Arendt’in özgürlük tanımının, batı siyasal düşüncesinde, önce Kant’ın ayırt ettiği sonra da İsaiah Berlin’in açımladığı negatif ve pozitif özgürlük anlayışlarının dışında kaldığı söylenebilir. Berlin’in ortaya koyduğu biçimiyle, negatif özgürlük, müdahalenin olmaması halidir. Hiç kimse benim yaptıklarıma karışmadıkça; zorlama ve engelleme olmaksızın seçimlerimi yapabildiğim oranda, negatif olarak özgürümdür. Pozitif özgürlük ise, müdahalenin olmamasından, başkaları tarafından kendi başına bırakılmaktan daha fazlasını, kişinin kendi benliği üzerinde denetim ya da benlik hâkimiyeti kurmada etkin rol oynamasını gerektirir. Pozitif anlamda özgür olmak, bireyin kendi seçimlerini yapabilmesi ve kendi iradesini gerçekleştirebilmesi anlamına gelir. Yani pozitif özgürlük negatif özgürlükten farklı olarak, kısıtlamadan ya da müdahaleden azade olmak değil, bir şeyler yapabilme özgürlüğüdür. Bu açıdan Berlin, pozitif özgürlüğü, bir anlamda kişinin kendi üzerinde egemenlik sahibi olması olarak tanımlar. Negatif ve pozitif özgürlükçüler arasındaki fark, egemenliğin ya da denetimin negatif özgürlükçüler için birey tarafından, diğerleri içinse kolektif dolayımla uygulanmasıdır. Sonuçta egemen olmak, her iki taraf için de, özgürlüğe giden yolu belirlemektedir.

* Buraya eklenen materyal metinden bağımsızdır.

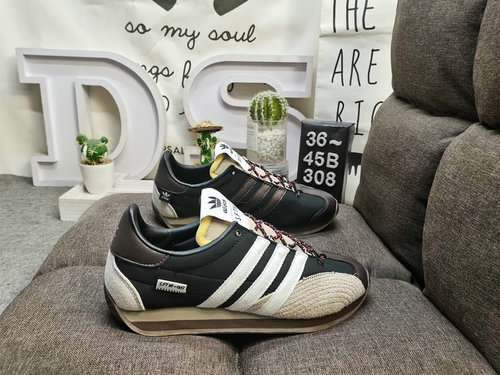 308Dadidas Questa serie presenta anche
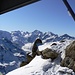 Gruppo Bernina attraverso il segnale trigonometrico in cima al Languard.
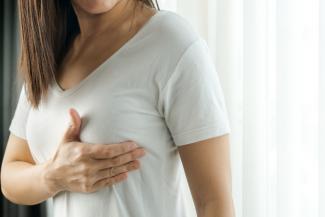 Mitől viszkethetnek a mellek? Egy mellráktípus korai tünete is lehet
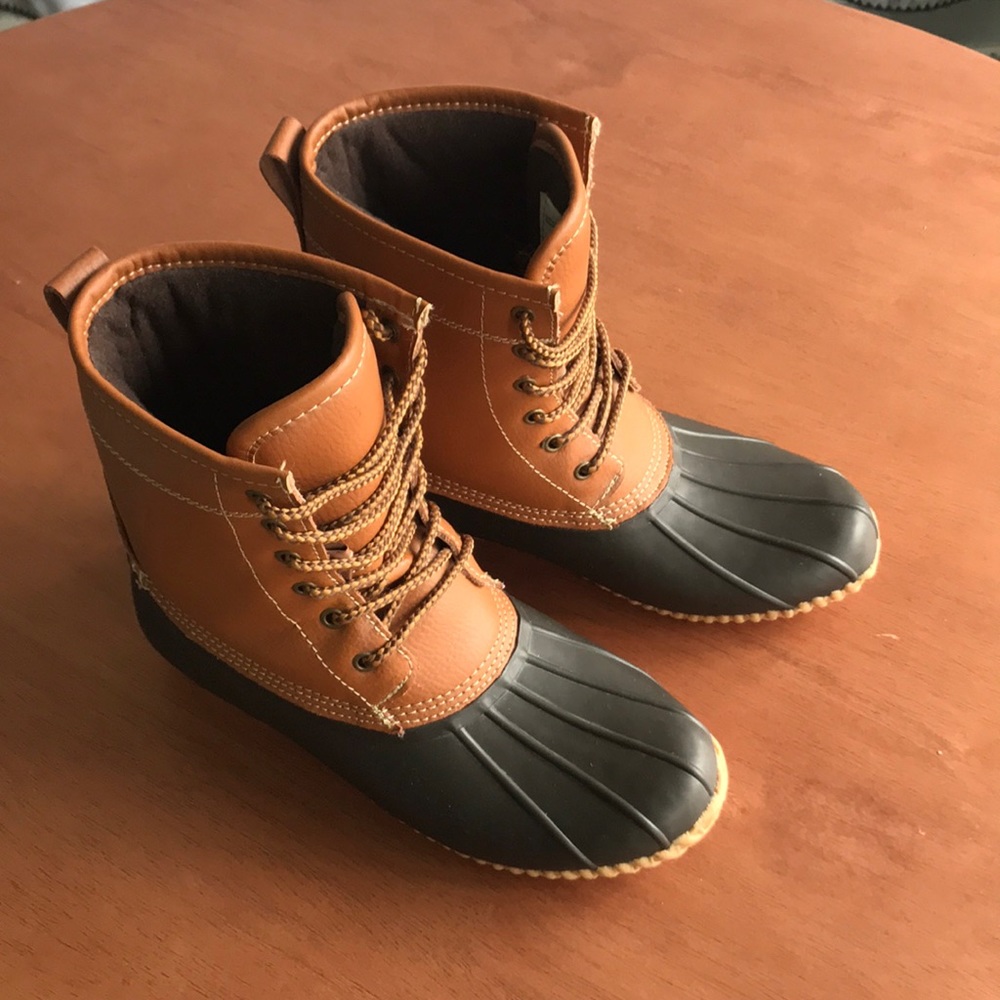 Winter duck boots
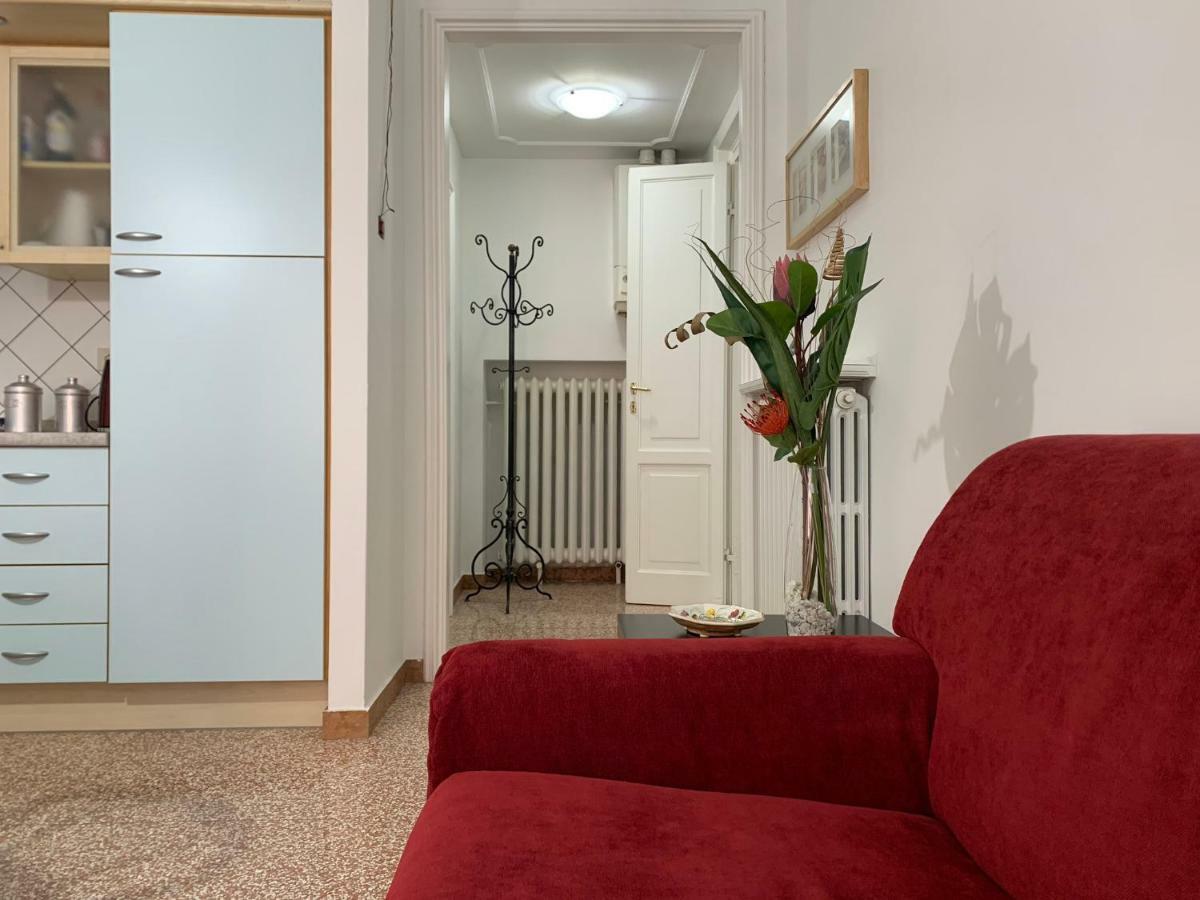 Apartamento Temporary House Oberdan Bolonia Exterior foto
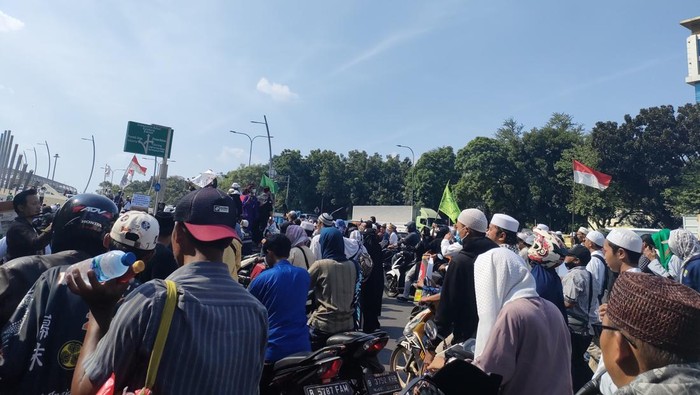 Massa PA 212 long march ke Pemkot Bekasi menuntut Holywings ditutup.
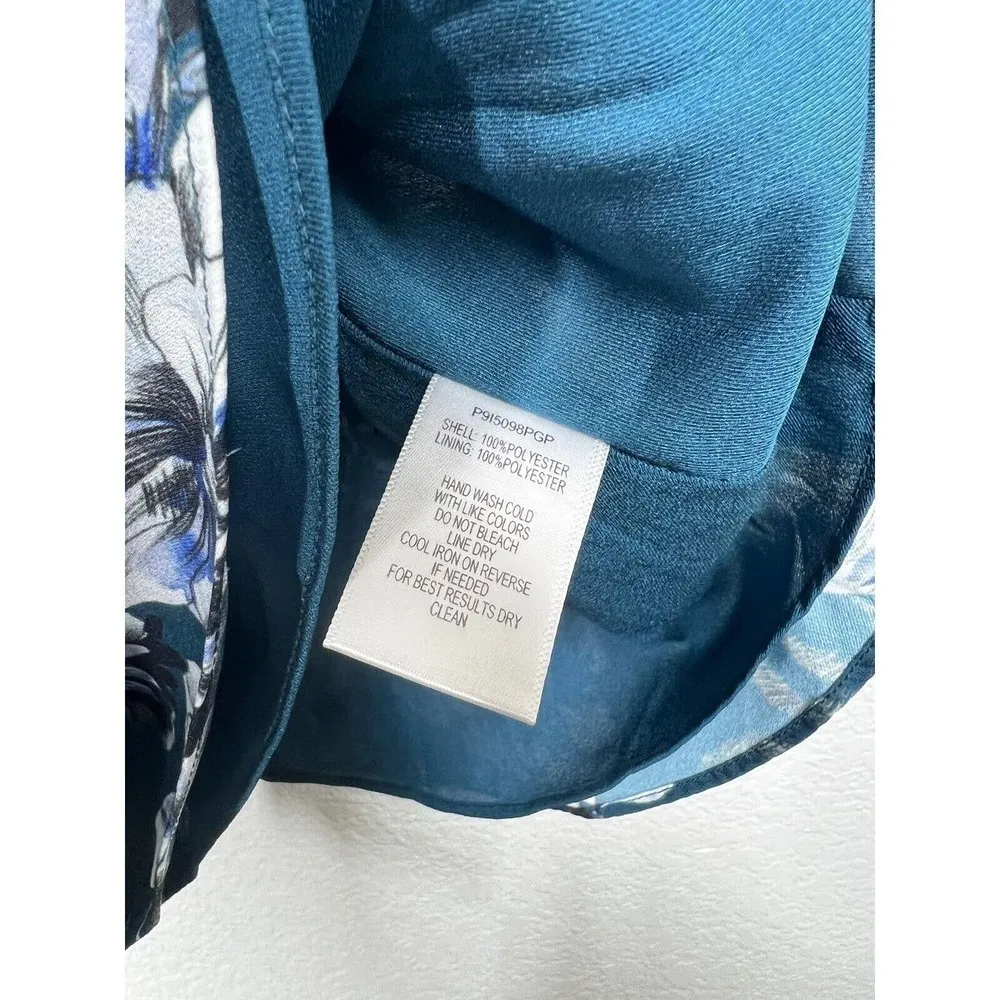 Parker Keyhole Floral Top - Image 6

Arendt ise, denetim ve egemenlik içermeyen bir siyasal özgürlük anlayışı geliştirmekte, özgürlüğü insanın iradi olarak bir eylem yapması şeklinde tanımlamaktadır. Eylemde bulunma halini ise, başka insanların varlığına bağlı olarak, bireysel değil, kamusal bir faaliyetin içinde bulunmak şeklinde düşünmektedir. Dolayısıyla Arendt için özgürlük, ne negatif özgürlük taraftarlarının savunduğu gibi bireysel kısıtlamaların olmaması demektir, ne de pozitif özgürlük taraftarlarının iddia ettiği gibi kişinin arzularını denetleme iradesine sahip olmak anlamına gelir. Ona göre özgürlük, insanların birlikte hareket edip, ortak bir dünya, yani kamusal bir alan oluşturdukları zaman ortaya çıkan, bu alanda gerçekleştirilen eylemlere bağlı olarak da sonuçları öngörülemez ve denetlenemez olan bir olguya tekabül eder.